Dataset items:
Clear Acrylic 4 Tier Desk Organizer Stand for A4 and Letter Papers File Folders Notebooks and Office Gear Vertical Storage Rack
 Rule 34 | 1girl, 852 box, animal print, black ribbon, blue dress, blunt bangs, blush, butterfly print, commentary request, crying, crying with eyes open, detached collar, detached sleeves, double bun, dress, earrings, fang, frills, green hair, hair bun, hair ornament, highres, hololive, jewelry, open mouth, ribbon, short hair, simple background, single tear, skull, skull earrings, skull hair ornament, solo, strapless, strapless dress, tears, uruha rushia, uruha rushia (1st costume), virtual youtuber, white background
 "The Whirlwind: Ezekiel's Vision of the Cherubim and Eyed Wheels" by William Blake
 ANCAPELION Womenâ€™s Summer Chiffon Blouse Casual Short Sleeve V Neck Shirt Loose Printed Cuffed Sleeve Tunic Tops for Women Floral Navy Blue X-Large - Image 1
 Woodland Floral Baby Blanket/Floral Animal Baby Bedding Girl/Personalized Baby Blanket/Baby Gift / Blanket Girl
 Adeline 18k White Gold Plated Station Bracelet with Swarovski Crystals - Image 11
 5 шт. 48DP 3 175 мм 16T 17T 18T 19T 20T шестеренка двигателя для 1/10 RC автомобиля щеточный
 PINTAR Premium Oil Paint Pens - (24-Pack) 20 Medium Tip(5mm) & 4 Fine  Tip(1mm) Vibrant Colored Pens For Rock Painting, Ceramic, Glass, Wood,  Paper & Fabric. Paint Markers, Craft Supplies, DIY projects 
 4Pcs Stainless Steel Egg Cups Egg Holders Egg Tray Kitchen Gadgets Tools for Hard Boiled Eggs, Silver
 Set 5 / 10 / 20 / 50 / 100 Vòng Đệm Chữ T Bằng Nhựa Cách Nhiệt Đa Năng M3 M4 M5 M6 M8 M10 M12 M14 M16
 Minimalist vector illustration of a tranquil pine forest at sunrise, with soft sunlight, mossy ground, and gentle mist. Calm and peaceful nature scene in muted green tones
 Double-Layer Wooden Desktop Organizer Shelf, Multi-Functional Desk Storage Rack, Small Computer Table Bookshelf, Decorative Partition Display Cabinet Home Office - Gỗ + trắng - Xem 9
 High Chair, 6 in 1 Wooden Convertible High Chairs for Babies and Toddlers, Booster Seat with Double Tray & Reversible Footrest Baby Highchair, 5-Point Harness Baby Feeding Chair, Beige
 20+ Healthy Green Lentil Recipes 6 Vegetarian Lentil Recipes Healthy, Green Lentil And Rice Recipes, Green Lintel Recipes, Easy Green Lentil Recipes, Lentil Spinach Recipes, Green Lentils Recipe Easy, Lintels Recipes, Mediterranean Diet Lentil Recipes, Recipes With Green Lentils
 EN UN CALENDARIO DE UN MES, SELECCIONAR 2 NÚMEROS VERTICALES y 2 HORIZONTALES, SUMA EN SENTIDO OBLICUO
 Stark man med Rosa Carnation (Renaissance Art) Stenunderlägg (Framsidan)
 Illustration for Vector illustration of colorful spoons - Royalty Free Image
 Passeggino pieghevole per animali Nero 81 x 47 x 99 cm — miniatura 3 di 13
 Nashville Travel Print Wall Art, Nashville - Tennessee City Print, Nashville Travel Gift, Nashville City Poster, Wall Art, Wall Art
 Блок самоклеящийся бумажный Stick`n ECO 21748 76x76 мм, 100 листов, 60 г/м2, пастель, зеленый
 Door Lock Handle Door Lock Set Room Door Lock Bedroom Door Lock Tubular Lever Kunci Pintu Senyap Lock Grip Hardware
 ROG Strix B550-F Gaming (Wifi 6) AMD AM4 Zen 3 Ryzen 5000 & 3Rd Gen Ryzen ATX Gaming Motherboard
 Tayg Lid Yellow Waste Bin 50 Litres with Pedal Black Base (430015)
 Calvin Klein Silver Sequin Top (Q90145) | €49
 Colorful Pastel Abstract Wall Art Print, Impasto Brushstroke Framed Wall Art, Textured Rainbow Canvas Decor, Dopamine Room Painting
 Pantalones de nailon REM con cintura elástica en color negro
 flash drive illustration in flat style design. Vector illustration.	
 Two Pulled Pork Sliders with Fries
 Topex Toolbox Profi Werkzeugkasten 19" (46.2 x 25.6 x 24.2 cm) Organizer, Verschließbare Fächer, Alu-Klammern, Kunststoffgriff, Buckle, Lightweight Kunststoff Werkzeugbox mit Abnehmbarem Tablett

» **WORK TO COMPLETE**
Would you mind copying all of the records exactly?

» **OUTPUT FOR THIS EXERCISE**
Clear Acrylic 4 Tier Desk Organizer Stand for A4 and Letter Papers File Folders Notebooks and Office Gear Vertical Storage Rack
 Rule 34 | 1girl, 852 box, animal print, black ribbon, blue dress, blunt bangs, blush, butterfly print, commentary request, crying, crying with eyes open, detached collar, detached sleeves, double bun, dress, earrings, fang, frills, green hair, hair bun, hair ornament, highres, hololive, jewelry, open mouth, ribbon, short hair, simple background, single tear, skull, skull earrings, skull hair ornament, solo, strapless, strapless dress, tears, uruha rushia, uruha rushia (1st costume), virtual youtuber, white background
 "The Whirlwind: Ezekiel's Vision of the Cherubim and Eyed Wheels" by William Blake
 ANCAPELION Womenâ€™s Summer Chiffon Blouse Casual Short Sleeve V Neck Shirt Loose Printed Cuffed Sleeve Tunic Tops for Women Floral Navy Blue X-Large - Image 1
 Woodland Floral Baby Blanket/Floral Animal Baby Bedding Girl/Personalized Baby Blanket/Baby Gift / Blanket Girl
 Adeline 18k White Gold Plated Station Bracelet with Swarovski Crystals - Image 11
 5 шт. 48DP 3 175 мм 16T 17T 18T 19T 20T шестеренка двигателя для 1/10 RC автомобиля щеточный
 PINTAR Premium Oil Paint Pens - (24-Pack) 20 Medium Tip(5mm) & 4 Fine  Tip(1mm) Vibrant Colored Pens For Rock Painting, Ceramic, Glass, Wood,  Paper & Fabric. Paint Markers, Craft Supplies, DIY projects 
 4Pcs Stainless Steel Egg Cups Egg Holders Egg Tray Kitchen Gadgets Tools for Hard Boiled Eggs, Silver
 Set 5 / 10 / 20 / 50 / 100 Vòng Đệm Chữ T Bằng Nhựa Cách Nhiệt Đa Năng M3 M4 M5 M6 M8 M10 M12 M14 M16
 Minimalist vector illustration of a tranquil pine forest at sunrise, with soft sunlight, mossy ground, and gentle mist. Calm and peaceful nature scene in muted green tones
 Double-Layer Wooden Desktop Organizer Shelf, Multi-Functional Desk Storage Rack, Small Computer Table Bookshelf, Decorative Partition Display Cabinet Home Office - Gỗ + trắng - Xem 9
 High Chair, 6 in 1 Wooden Convertible High Chairs for Babies and Toddlers, Booster Seat with Double Tray & Reversible Footrest Baby Highchair, 5-Point Harness Baby Feeding Chair, Beige
 20+ Healthy Green Lentil Recipes 6 Vegetarian Lentil Recipes Healthy, Green Lentil And Rice Recipes, Green Lintel Recipes, Easy Green Lentil Recipes, Lentil Spinach Recipes, Green Lentils Recipe Easy, Lintels Recipes, Mediterranean Diet Lentil Recipes, Recipes With Green Lentils
 EN UN CALENDARIO DE UN MES, SELECCIONAR 2 NÚMEROS VERTICALES y 2 HORIZONTALES, SUMA EN SENTIDO OBLICUO
 Stark man med Rosa Carnation (Renaissance Art) Stenunderlägg (Framsidan)
 Illustration for Vector illustration of colorful spoons - Royalty Free Image
 Passeggino pieghevole per animali Nero 81 x 47 x 99 cm — miniatura 3 di 13
 Nashville Travel Print Wall Art, Nashville - Tennessee City Print, Nashville Travel Gift, Nashville City Poster, Wall Art, Wall Art
 Блок самоклеящийся бумажный Stick`n ECO 21748 76x76 мм, 100 листов, 60 г/м2, пастель, зеленый
 Door Lock Handle Door Lock Set Room Door Lock Bedroom Door Lock Tubular Lever Kunci Pintu Senyap Lock Grip Hardware
 ROG Strix B550-F Gaming (Wifi 6) AMD AM4 Zen 3 Ryzen 5000 & 3Rd Gen Ryzen ATX Gaming Motherboard
 Tayg Lid Yellow Waste Bin 50 Litres with Pedal Black Base (430015)
 Calvin Klein Silver Sequin Top (Q90145) | €49
 Colorful Pastel Abstract Wall Art Print, Impasto Brushstroke Framed Wall Art, Textured Rainbow Canvas Decor, Dopamine Room Painting
 Pantalones de nailon REM con cintura elástica en color negro
 flash drive illustration in flat style design. Vector illustration.	
 Two Pulled Pork Sliders with Fries
 Topex Toolbox Profi Werkzeugkasten 19" (46.2 x 25.6 x 24.2 cm) Organizer, Verschließbare Fächer, Alu-Klammern, Kunststoffgriff, Buckle, Lightweight Kunststoff Werkzeugbox mit Abnehmbarem Tablett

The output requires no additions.